Sen. Bernie Sanders (I-Vt.) pulled off an upset victory in the Michigan primary Tuesday, picking up the majority of delegates in a state seen as a must-win for him to maintain a place in the Democratic race.
Former Secretary of State Hillary Clinton came into the Michigan primary with a strong lead in the polls, particularly among minority voters who make up a quarter of the electorate in the state. Clinton has dominated with non-white voters in this primary season, so a Sanders win in diverse Michigan stands out among his previous primary victories.
Michigan had been cast as Sanders' last, best hope for mounting a real challenge to Clinton's lead in the delegate count, and his campaign manager called the vote "a critical showdown." The state's primary is positioned between Super Tuesday and major primaries in Ohio and Florida on March 15, and it awards 130 delegates proportionally.

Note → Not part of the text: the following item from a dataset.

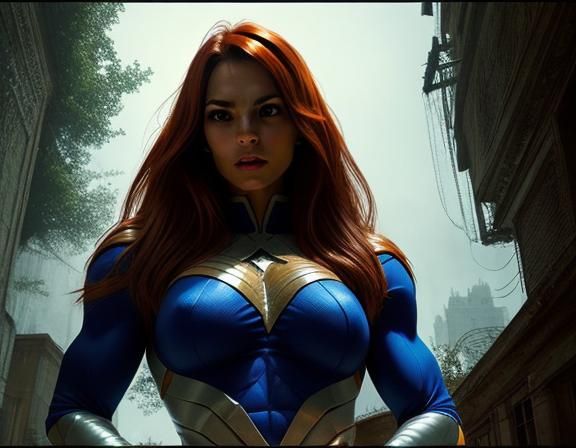 Muscular Superhuman Woman in Decopunk Comic Style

The two candidates faced off in a debate in Flint, Michigan, on Sunday, trading jabs on a wide range of issues. Sanders targeted Clinton's record on trade deals and job creation, linking her to NAFTA and the Obama administration's trade policies. Sanders hoped his populist stances on these issues would appeal to voters who have been ravaged by the recession.
But Clinton also claimed Sanders opposed the auto bailout, arguing that it saved 4 million jobs in the region. Sanders actually voted in favor of unsuccessful measures in Congress that would have bailed out automakers, but opposed the program that ultimately directed funds to Detroit because it also went toward bailing out Wall Street.
Both candidates have focused on the Flint water crisis in their appearances in the Michigan, blaming the state government for failing to protect the city from lead-contaminated water. They each called on the state's Republican Gov. Rick Snyder to resign over what Sanders described as a "dereliction of duty."
This article has been updated to include Sanders' votes on the automaker bailout.